Years ago when I was working in downtown Chicago, went to Marshall Field's on State St. during my lunch hour on a Black Friday.  As I was coming down an escalator, heard the woman in front of me ask the Andy Frain usher at the bottom if he had seen a little girl.  His reply, "Lady, I've seen a lot of little girls."  

I don't have much Christmas shopping to do.  Starting with the day after Thanksgiving and through about mid January, I try to avoid the shopping centers.


----------



## Lynn (Nov 4, 2008)

I will be working  Even if I wasn't I'd stay home and probably read.


----------



## pidgeon92 (Oct 27, 2008)

I used to go, always went alone, easier to move around. I don't bother anymore, I'd rather sleep in.


----------



## chynared21 (Oct 28, 2008)

*I don't do Black Friday...I hate people, hence the crowds  *


----------



## Anne (Oct 29, 2008)

I hate crowds. I have the day off. I will sleep late than get some things done around here and do some reading  I never go shoping on Black Friday.


----------



## Betsy the Quilter (Oct 27, 2008)

Don't do it.  Never have.  Shudder.

I see a trend here among Kindle owenrs.

Betsy


----------



## Guest (Nov 24, 2008)

There is nothing in a real store i cant find on line and usually at a better price.  Every 'real' store has a web site so why get physical?  I do need dog food soon and on wal mart has my brand.  I'll have to venture out late one night before Friday. Maybe tomorrow.


----------



## Angela (Nov 2, 2008)

We always spend the day at home with the kids (and now grandkids)... Everyone stays in PJs and we munch on leftovers, bake cookies and play board games. Starting with last year, the Wii has been added to our Black Friday celebration! All game playing comes to a halt during the Texas A&M/tu annual football game (that is when Larry goes into his office to sit at the computer and sleep)!


----------



## Leslie (Apr 7, 2008)

Yes, I do most of my shopping online. My daughter's school had a big craft fair this weekend so I went to that. There was lots of nice stuff so I did pick up a few presents.

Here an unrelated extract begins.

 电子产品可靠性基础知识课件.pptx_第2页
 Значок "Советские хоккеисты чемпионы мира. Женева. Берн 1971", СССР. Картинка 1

That's about it for me and retail shopping!

L

PS, yes Betsy I am noticing a trend among Kindle owners...which makes me think things will be busy here at the Kindleboards on Friday since no one is going out!


----------



## katiekat1066 (Nov 19, 2008)

I DON'T do crowds, and my stupid company thinks that the day after Thanksgiving is a good day to end the fiscal year - so I HAVE to work on that day, its required in the accounting department.  That being said, I've found that shopping the next day is nice - there is hardly anyone at the mall, most of the sales are still on, and I never seem to want whatever the big item is that year that everyone else was queueing up for at 5 a.m. on Friday.  Years ago Mom and I used to go early and camp out at the Disney Store for that year's "special" Christmas Disney beanie thing, but it stopped being important.  I think its because I got a life.  

Katiekat


----------



## Dori (Oct 28, 2008)

I went once as the cart watcher.  MY GF had adopted 2 kids and was getting their first Christmas gifts.  I stayed at the end of rows with the cart for her.  It worked out very well.  I say that I do not do crowds, but am quickly reminded by family and friends that I loved working at Churchill Downs on Derby Day.


----------



## Wisteria Clematis (Oct 29, 2008)

Leslie said:


> PS, yes Betsy I am noticing a trend among Kindle owners...which makes me think things will be busy here at the Kindleboards on Friday since no one is going out!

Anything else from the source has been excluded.